The Washington Nationals beat the Milwaukee Brewers last night behind a solid outing by Gio Gonzalez. And, as Boswell wrote, the Nats may have exorcised the demons of Atlanta.
Only wins and losses count, but by midseason run differential is wonderfully predictive. The Nats are outscoring foes at the pace of a 91-71 team while the Braves project like a 78-84 squad. And the Nats have built that margin with a total of only four home runs all season from the much-injured trio of Zimmerman, Harper and Ramos who, by this time, might normally have 30.
But here is the thing: this Nats squad is not producing against the top teams in the league. Sure, the pitching has been good, but Washington’s bats have gone largely silent when playing the better teams.

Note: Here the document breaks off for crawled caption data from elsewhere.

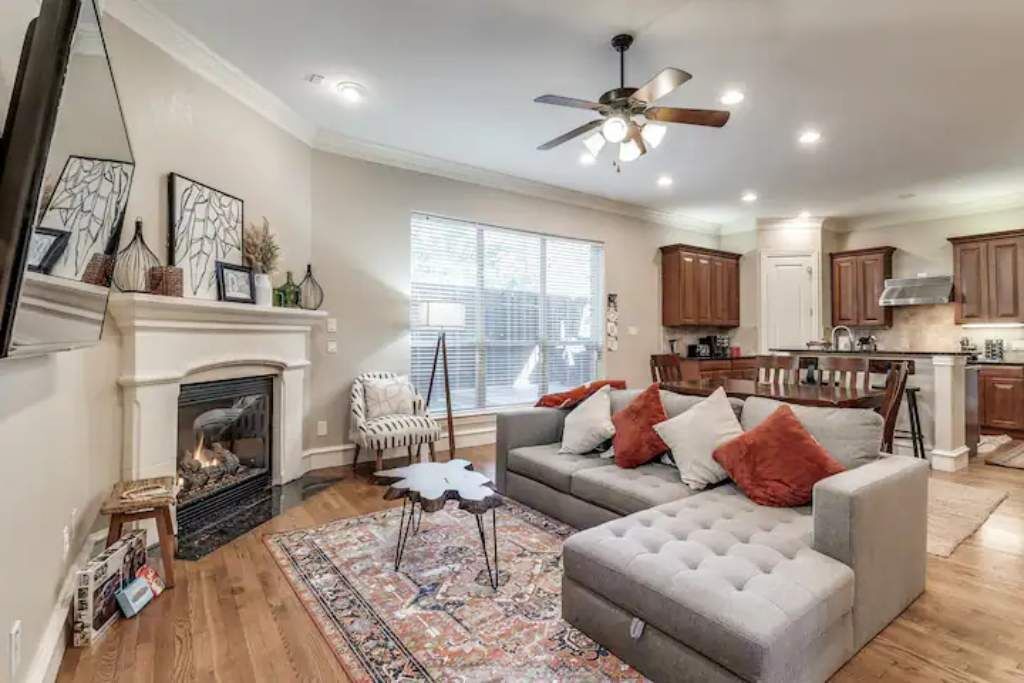 Photo of Livingroom in Knox - Henderson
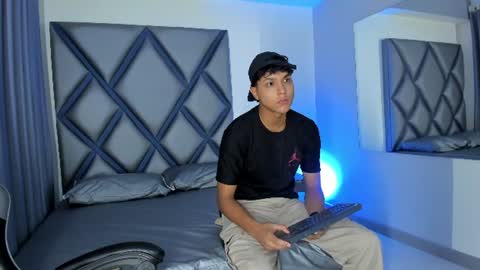 sebastiann_04 online show from 06.23.26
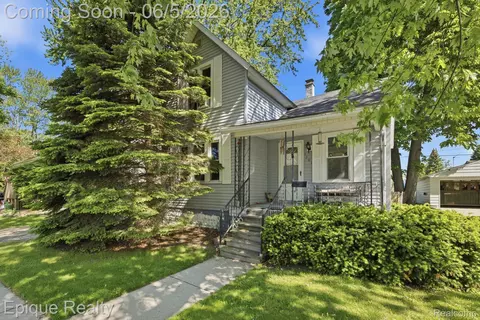 1301 Myrtle St, Port Huron, MI 48060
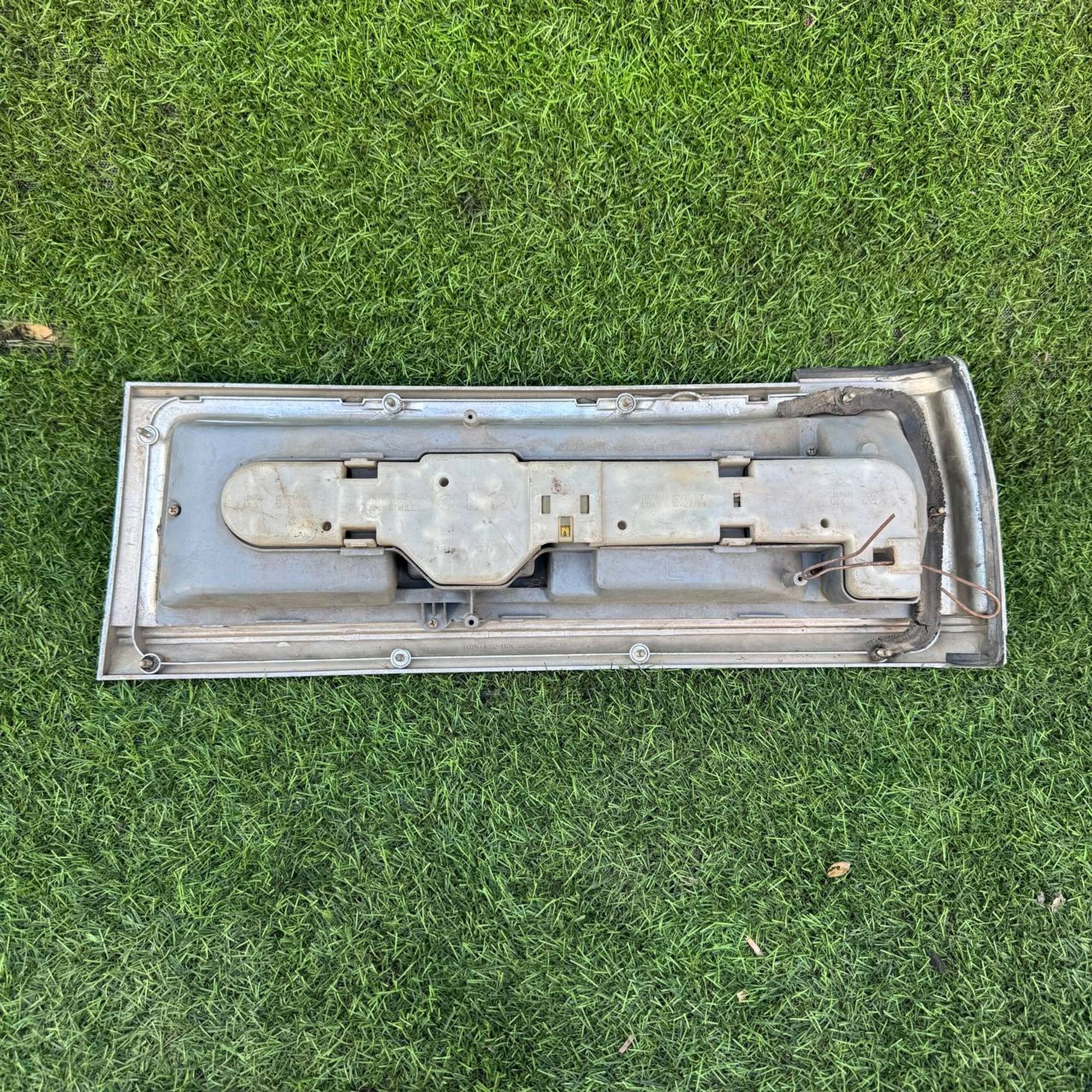 880 Фонарь задний левый TOYOTA MARK II GX61, 3500 рублей, Невинномысск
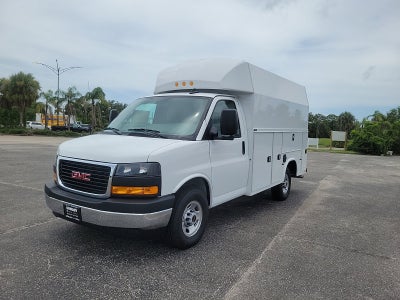 2025 GMC Savana Cutaway 3500 1WT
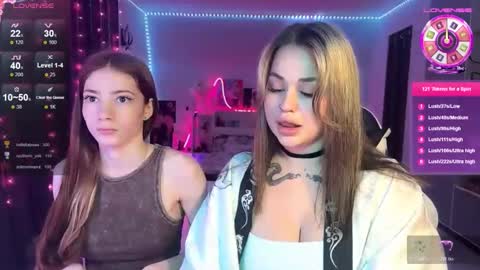 Snapshot of magicladyy chatting on November 2025 12:54:02 AM Angel online show from November 2025 12:54:02 AM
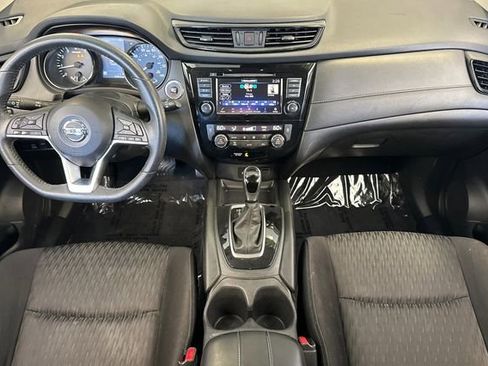 Used 2020 Nissan Rogue SV AWD/4WD image 15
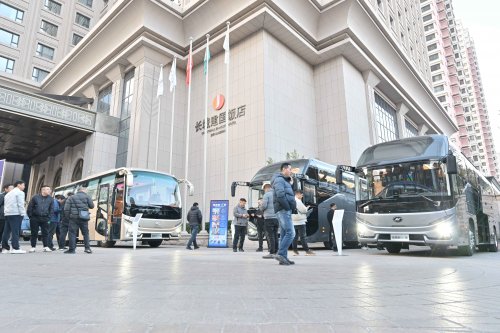 “产品+服务”双升级 苏州金龙引领旅游客运价值变革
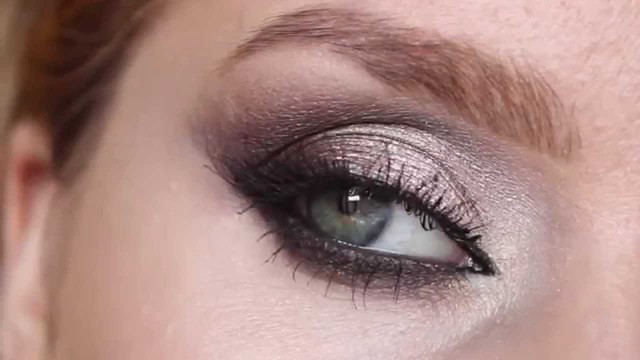 'MUA Cosmetics 5 minute Smokey Eyes Using Sellotape'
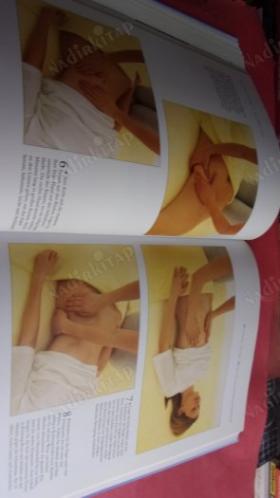 Das große Buch der Massage . Die besten Techniken zum Entspannen und Wohlfühlen 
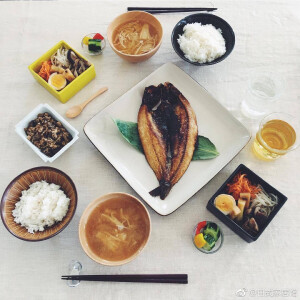 每天早餐不重样是一种什么口福呢，让我们一起来看看日本主妇kima在INS上的晒图吧。 ​​​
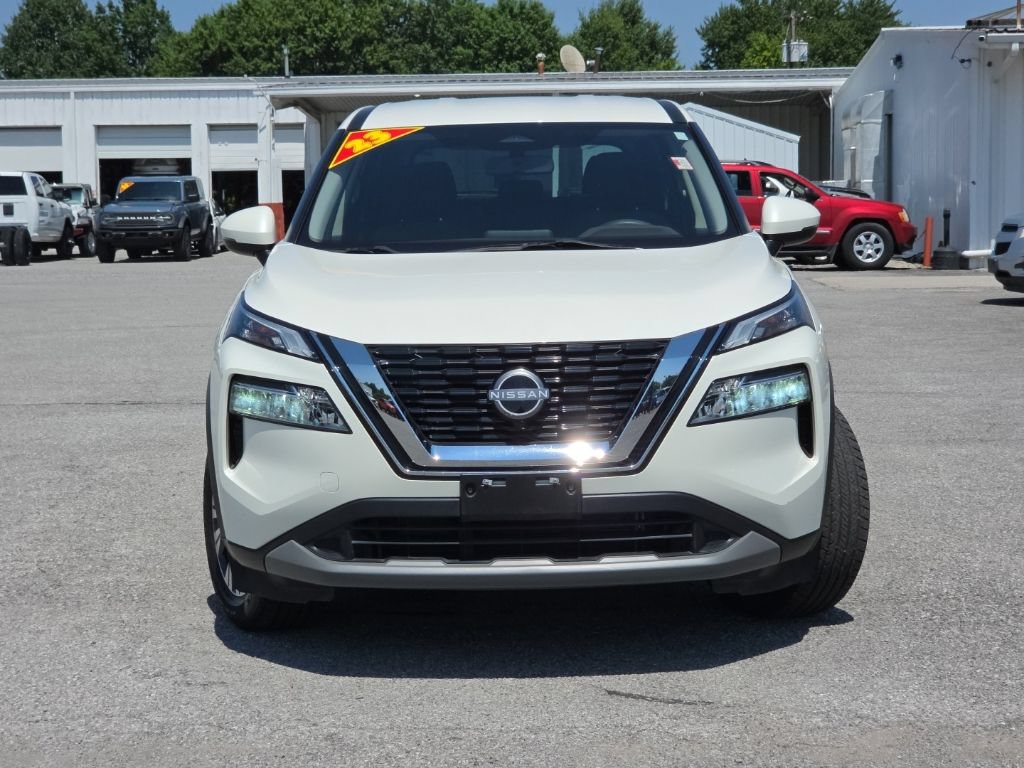 Used 2023 Nissan Rogue SV AWD/4WD image 2
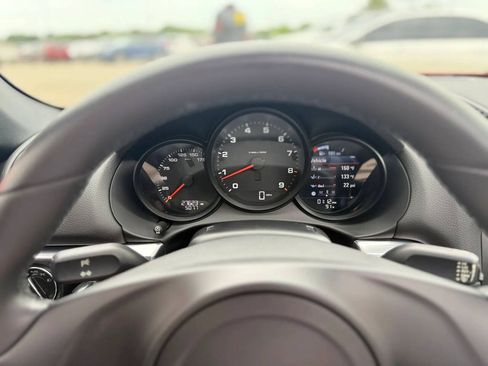 Used 2015 Porsche Boxster RWD image 17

For example, when facing off against an opponent with a winning percentage lower than .500 the Nationals have posted a .778 OPS, which is good. Against those teams who win more than half their games that number plummets to .643. That’s bad. If that held, it would be among the lowest we have seen in years.
Since 2006, teams have posted a .687 OPS against the winning teams en route to winning the NL East and so far only the Miami Marlins, who are 2.5 games behind Washington for the division lead, fit the bill (.764).
A healthy Harper will help (.828 OPS vs. team with a winning percentage over .500 since 2013), but Zimmerman (.596) and Ramos (.655) shouldn’t be counted on for much.
We can quibble about the small sample sizes of these numbers, but one thing is not up for debate: if the Nats want to be playing baseball this postseason they need to show their hitting can be every bit as good as their pitching. Especially against the teams they will likely be facing in the playoffs.